Segment Open

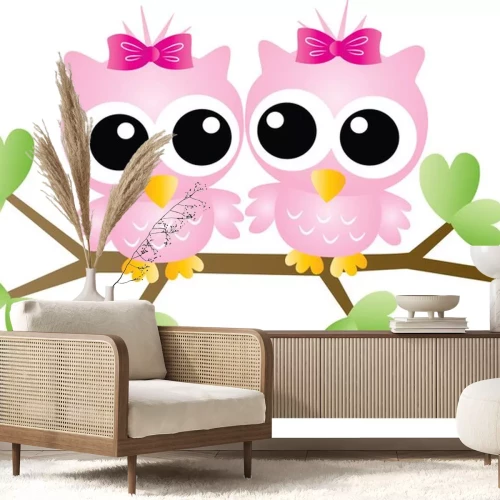 Sticker two adorable pink owls sitting on a branch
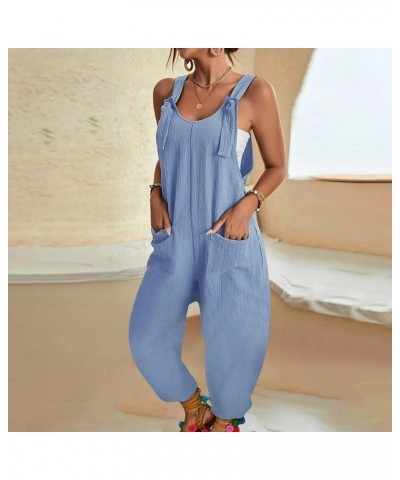 Jumpsuits for Women Summer Adjustable Strap Rompers Loose Fit Sleeveless Casual Pants Comfy Overalls with Pocket Isky Blue $7...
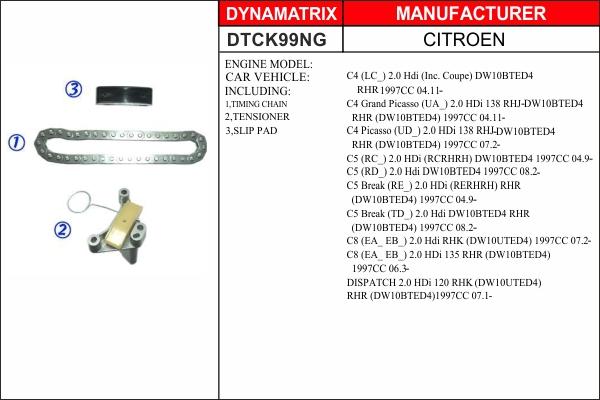Dynamatrix DTCK99NG - Комплект цепи привода распредвала autodif.ru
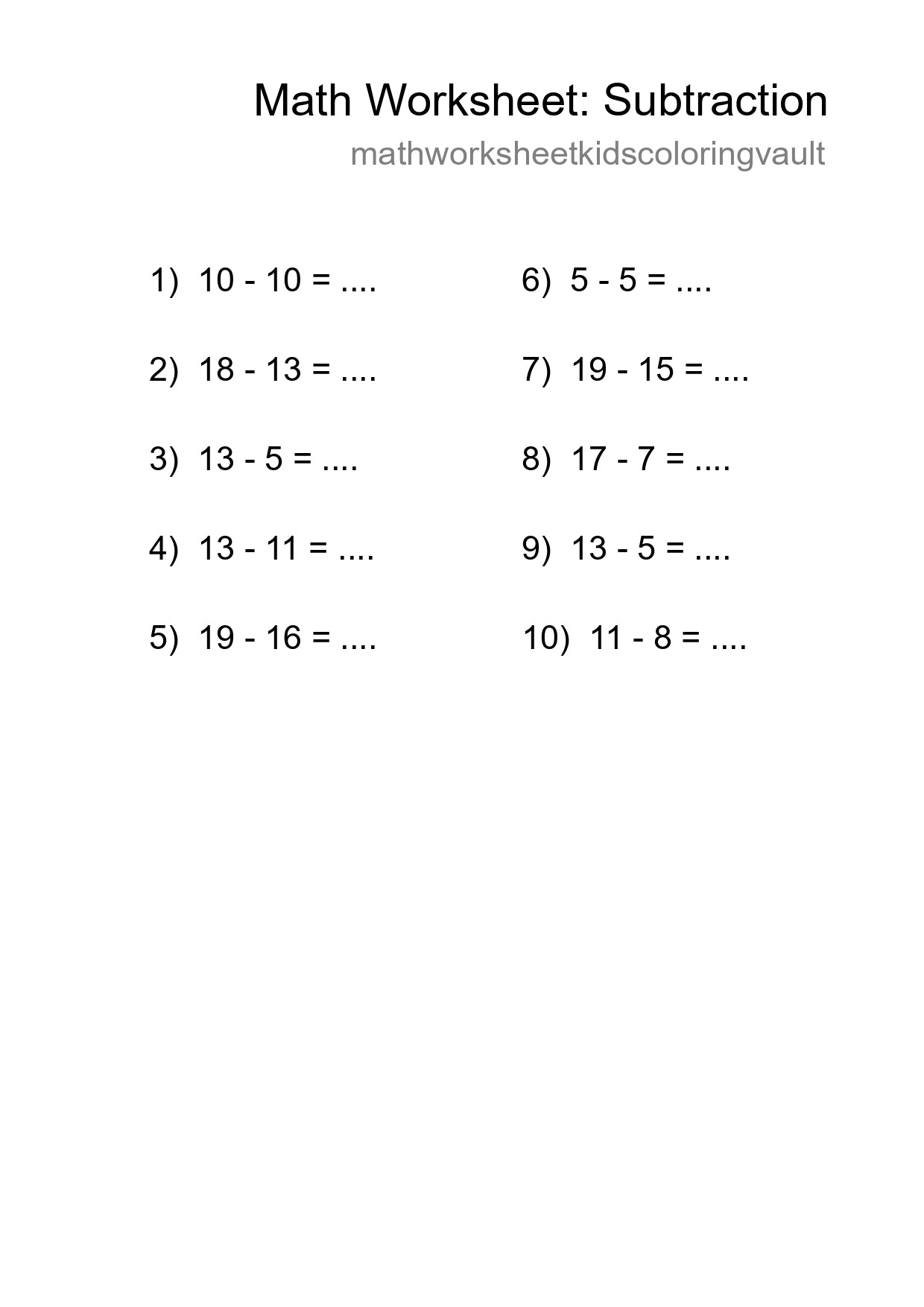 Free 10 Subtraction Math Worksheet For Grade 2 - Part 19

Segment Closed

WHAT IS EXPECTED
Give back exactly the lines from the opening of the listing through the line holding "Dynamatrix DTCK99NG - Комплект", both ends included, with every picture omitted.

EXERCISE RESULT
 Sticker two adorable pink owls sitting on a branch
 Jumpsuits for Women Summer Adjustable Strap Rompers Loose Fit Sleeveless Casual Pants Comfy Overalls with Pocket Isky Blue $7...
Dynamatrix DTCK99NG - Комплект цепи привода распредвала autodif.ru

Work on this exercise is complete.